I respect peoples beliefs who are respectful what ever they are.


----------



## PowerShell (Feb 3, 2013)

I do find it funny hearing how my great grandma "couldn't find the church" when a family member was married in a Lutheran church. They all know she didn't approve of the whole Catholic-Lutheran thing and was saying she got lost as an excuse. Those times must have been interesting where a "mixed" marriage that people frowned on was something as simple as Catholic-Lutheran.


----------



## Dabbling (Nov 2, 2013)

As an Ni dom, I see so many parallels in the great nature of things between how people actually are, deep down; how they would like to be treated and the way in which Jesus treated people.

how anyone can explain or discuss these things using Te alone...in an Ni dom forum...is beyond me. Where are all the Lewis, Chesterton, Hurnard, Edwards fans?

Sometimes it's important to *see* both oneself *and* the other ... But we have been hurt and so we miss the message of the other. Bad enough between people, but to misinterpret the Love which holds the Universe of consciousness together, that is a great darkness.


----------



## Yeezus (Feb 22, 2014)

Any NTs that are religious must have been mistyped. I don't see how a rational mind can entertain the idea of religion.


----------



## illow (Dec 23, 2012)

religion is a choice, a way of life. It doesn't matter what type you are, just like it would sound silly to state that religion is absolutely linked to a healthier internal value system.
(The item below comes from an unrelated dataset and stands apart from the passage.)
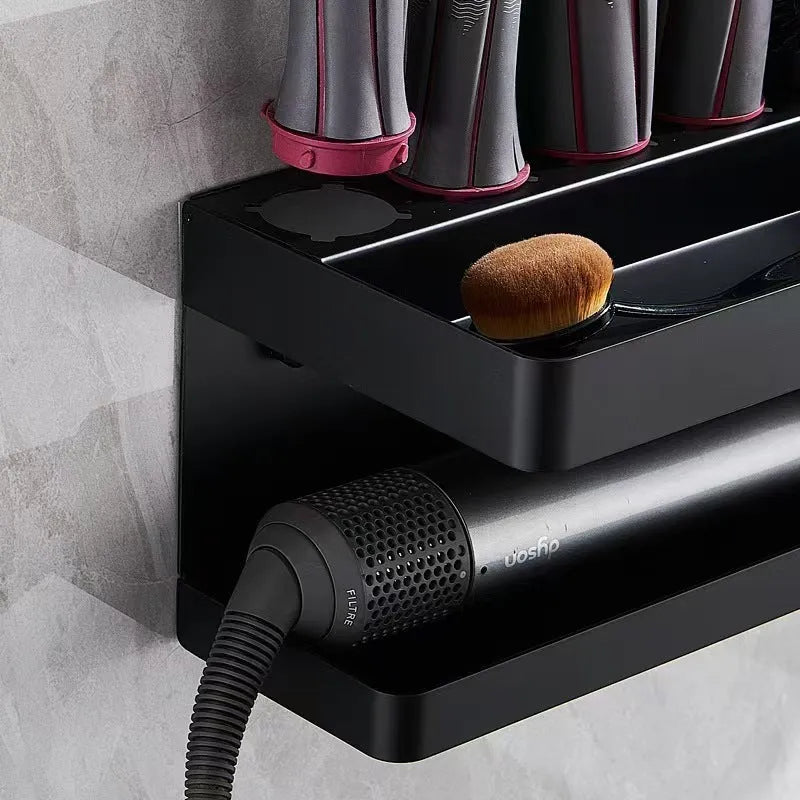 Aluminium double-layer punch-free bathroom storage rack for hair curlers in black colour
I believe any type can make those choices, the components, and layers of the beliefs, maybe be different for NT's, and say NF's, although they may both identify with the same institution, community, its how we struggle to depict our personality in the midst of the conformity, thats the real plot....


----------



## kazerpowa (Apr 26, 2014)

I was always an atheist.

Then I discovered agnosticism and I found out that it was actually better than atheism.
So, first I was like "if I can't see it, it does not exist" and now I'm like "if I can't see it, it may or may not exist".

Also, as I find religion and related topics irrelevant, agnosticism is what fits me better, since it's the "lazy" position. Instead of saying "look, I don't care" you can say "oh, I'm agnostic "


----------



## Grandmaster Yoda (Jan 18, 2014)

According to the book about INTPs I read it said INTPs are among the most likely types to be agnostic/atheistic with an ~11% rate of atheism among the subjects studied. The book noted though that it is one of the highest rates, the majority are still left as believers in a higher power, what that means was not specifically studied which I see as a flaw. There could be a lot of INTP deists but that wasn't thrown into the study.


----------



## Dabbling (Nov 2, 2013)

The informational data on near death experiences is fascinating and definitely worth looking into...


----------